In a series of disjointed scenes, the movie depicts Prophet Mohammed as a child molester, womanizer and ruthless killer.
Most of the Muslim world considers depictions of Mohammed to be blasphemous and deeply offensive.
“Some have sought to justify this vicious behavior as a response to inflammatory material posted on the Internet,” Clinton said. “The United States deplores any intentional effort to denigrate the religious beliefs of others. Our commitment to religious tolerance goes back to the very beginning of our nation.”
Hours before the Benghazi attack, hundreds of mostly ultraconservative Islamist protesters in Egypt marched to the U.S. Embassy in downtown Cairo. Protesters gathered outside its walls and chanting against the movie and the U.S. Most of the embassy staff had left the compound earlier because of warnings of the upcoming demonstration.
CNN writes that the Embassy officials issued a warning to Americans in Egypt, telling them to avoid the demonstrations which “may gather in front of the U.S. Embassy, or Egyptian government buildings such as the People’s Assembly and Ministry of Interior.”
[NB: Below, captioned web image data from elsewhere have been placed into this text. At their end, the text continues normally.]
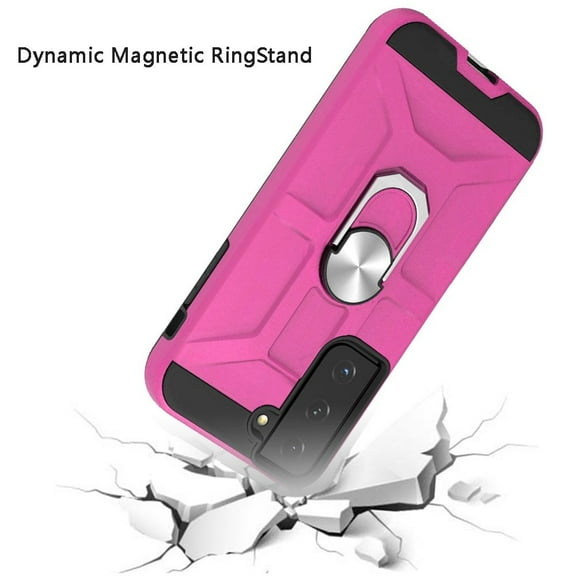 for Samsung Galaxy S21 FE /Fan Edition Cases Kickstand Ring Holder [360° Rotating] Dual Layer Work with Magnetic Car Mount Hard Cover ,Xpm Phone Case [Pink]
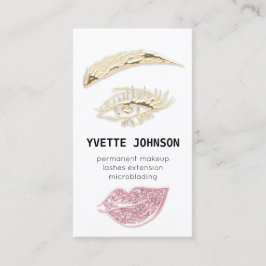 Lash BrowパーマネントメイクアップロゴQRCodeピンク 名刺
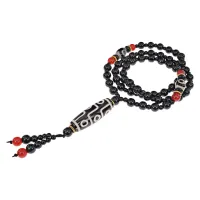 Четки с черной бусиной Дзи 9 глаз 40х15мм, нат.агат BUSD004-1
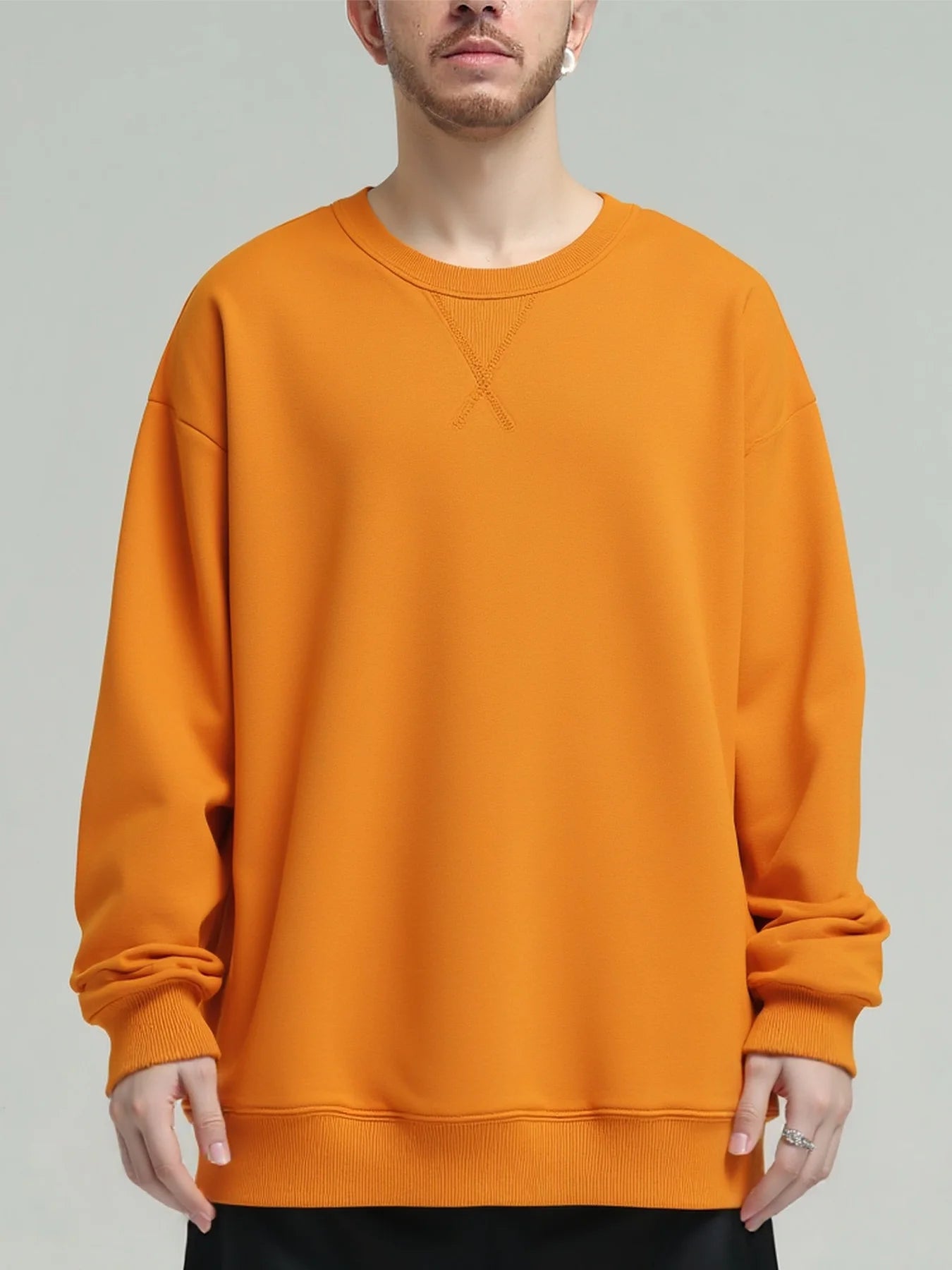 380g Tight Match Heavy Inverted Triangle Loose Versatile Solid Cotton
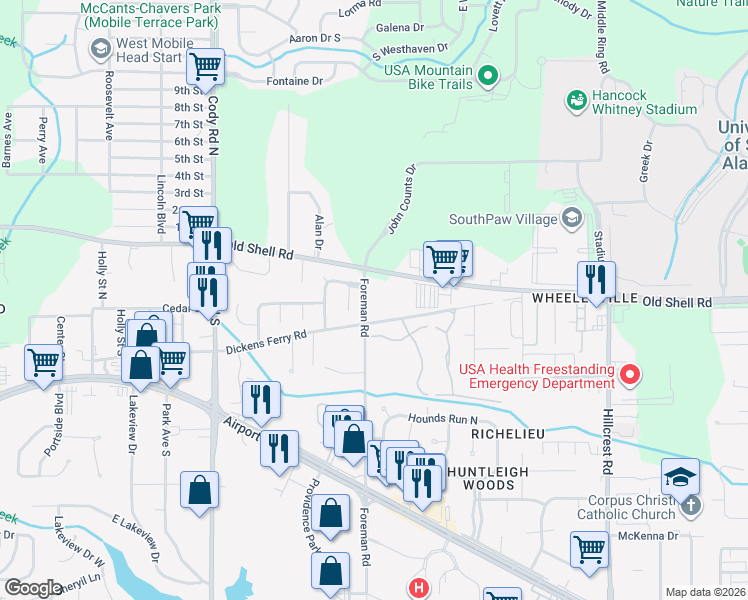 map of restaurants, bars, coffee shops, grocery stores, and more near 6788 Dickens Ferry Rd in Mobile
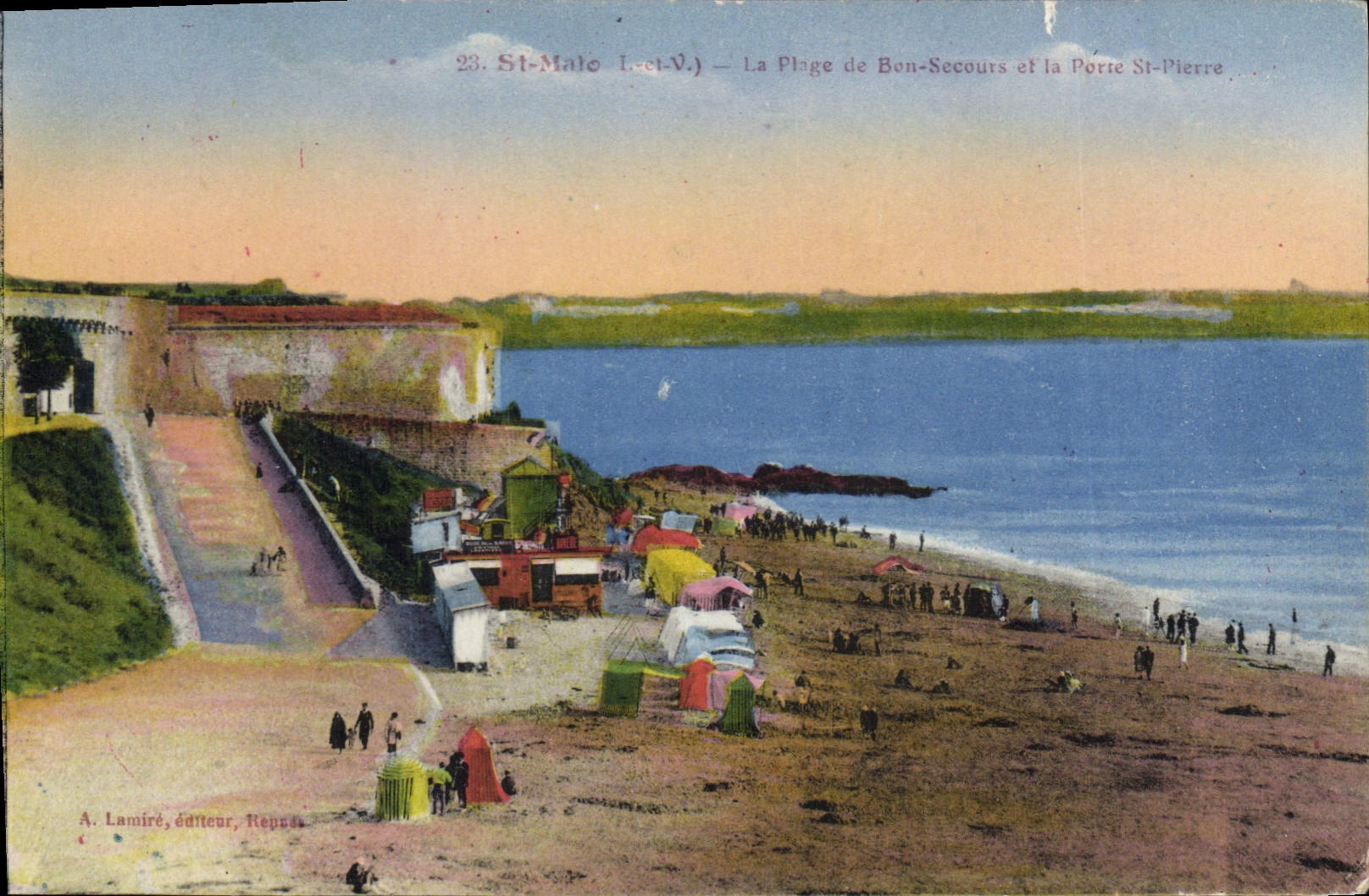 St-Malo (Ille-et-Vilaine) — La Plage de Bon-Secours et la Porte St-Pierre — A. Lamiré, éditeur, Repre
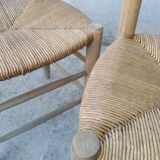 2 vintage straw chairs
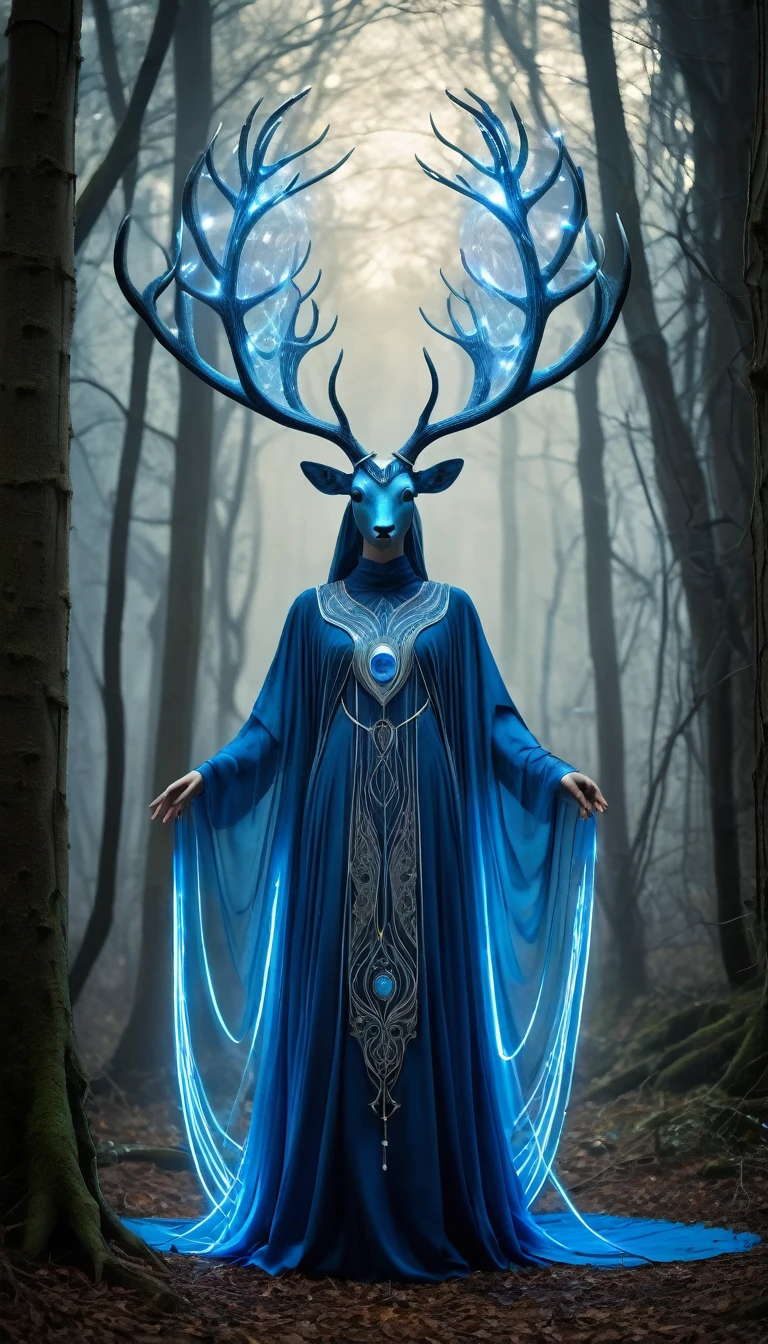 in a forest setting, the image depicts a mystical being with a set of antlers composed of light. Each side of the being has six antlers extending backwards in a circular pattern. The figure is dressed in a blue robe with a luminous circular decoration on the chest, lending the figure a majestic aura. This blue-hued entity supports the theme of nobility, with multiple elongated tail-like extensions emanating from the dress... A distinctive feature of the being is what appears to be a brilliant blue eye, adding to the magical essence of the character, which is amplified by the incorporation of a radiance, expansion and contraction of blue light on the chest, resembling a plasma ball. The being occupies a path amid imposing gray trees, lending a mysterious and somewhat eerie atmosphere to the scene. The overall imagery conveys a powerful sense of enigma and supernatural presence, alluding to an extraordinary and mysterious essence.

Translated with DeepL.com (free version)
“It is unclear if large numbers will take to the streets, but clashes may occur should two opposing groups come into contact with one another,” the U.S. Embassy said in a statement. “Large gatherings and non-essential travel in and around downtown and Garden City should be avoided this afternoon.”
“This is an expression of a feeling that is thought to be an insult,” said Nizih El Naggary, a spokesman for the Egyptian Foreign Ministry. “But events like this are extremely deplorable. And we have to work to get things under control.”
The U.S. Embassy in Cairo announced that it had canceled visa services for Wednesday, saying in a statement that it “condemns the continuing efforts by misguided individuals to hurt the religious feelings of Muslims — as we condemn efforts to offend believers of all religions.”